According to the Iranians, "terrorists and saboteurs" attempted to blow up the Natanz and Fordo nuclear facilities' electric lines last August. At first, Iran refrained from publishing news of the blast, but last week its atomic energy chief, Fereydoun Abbasi-Davani announced the news.
According to reports, the purpose of the blast was to halt the electricity supply to the facility, thus damaging its operations. IAEA inspectors who visited the site a day after the blast did not report any damages.
Iran has recently claimed that Germany's Siemens implanted tiny explosives inside equipment the Islamic Republic purchased for its disputed nuclear program, a charge the technology giant denied.
Guns and kinves used to 'sabotage equipment'
Prominent lawmaker Alaeddin Boroujerdi said Iranian security experts discovered the explosives and removed them before detonation, adding that authorities believe the booby-trapped equipment was sold to derail uranium enrichment efforts.

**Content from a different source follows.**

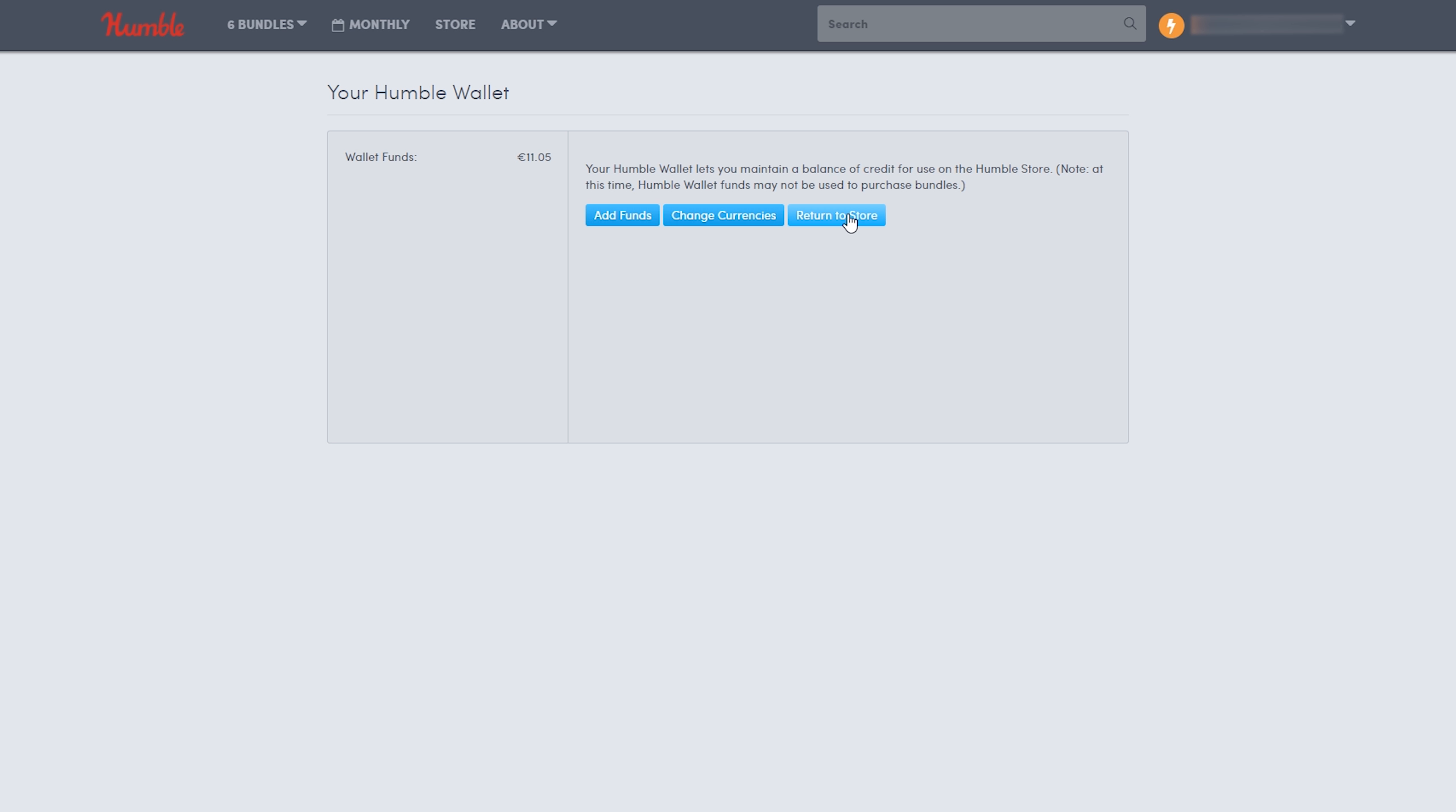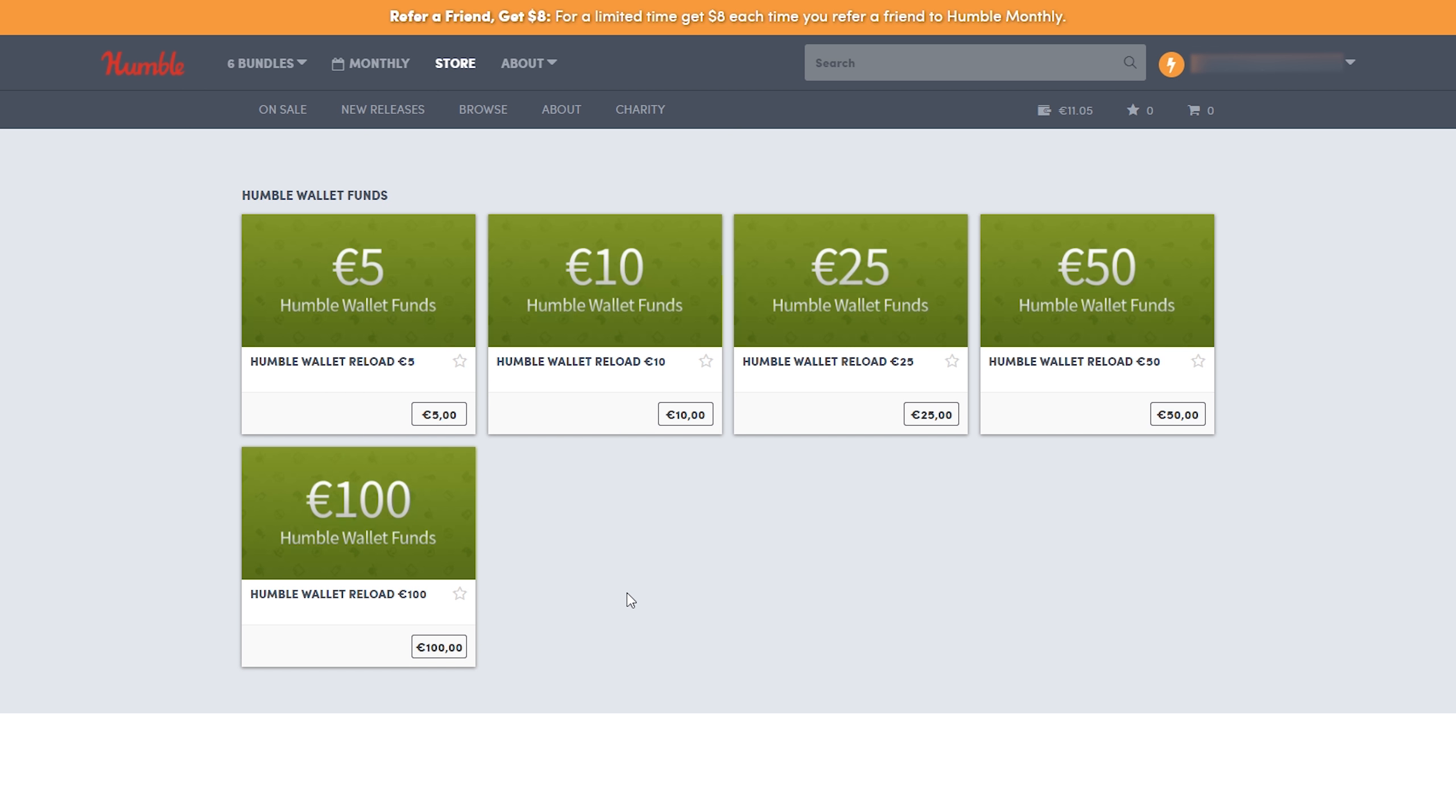To add funds, all you want to do is click the add funds button right here. Then you'll get a selection of a couple different wallet amounts. You can add 5, 10, 25, 50, or 100 euros to your Humble Bundle wallet. All you want to do is click on the amount you want. In this case, I'm going to be using 5 euros as an example.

Iranian news site Khabar Online reported that the exhibition included equipment from "several prominent factories in Germany, the United States, Romania, Ukraine, China, South Korea and Australia. The devices could stop functioning or explode at a specific time."
According to the report, "some of the pieces had an intelligent processor stashed inside to disable them through satellite-emitted signals."
Among the equipment on display was a zirconium powder and metal used in nuclear reactors as a protective layer for fuel rods. The Iranians claim they received a powder with 25% instead of 65% which could sabotage the uranium enrichment process.
An intelligence source at the exhibition said that since the end of 2009 "the sabotage against our nuclear and energy facilities has increased and in recent months has been carried out in against our petrol, gas, communications, nuclear and defense sectors."
Sabotage included cyber attacks
According to the source, "the sabotage activities were carried out at essential facilities such as water, electricity, gas and petrol facilities under the guise of technical work."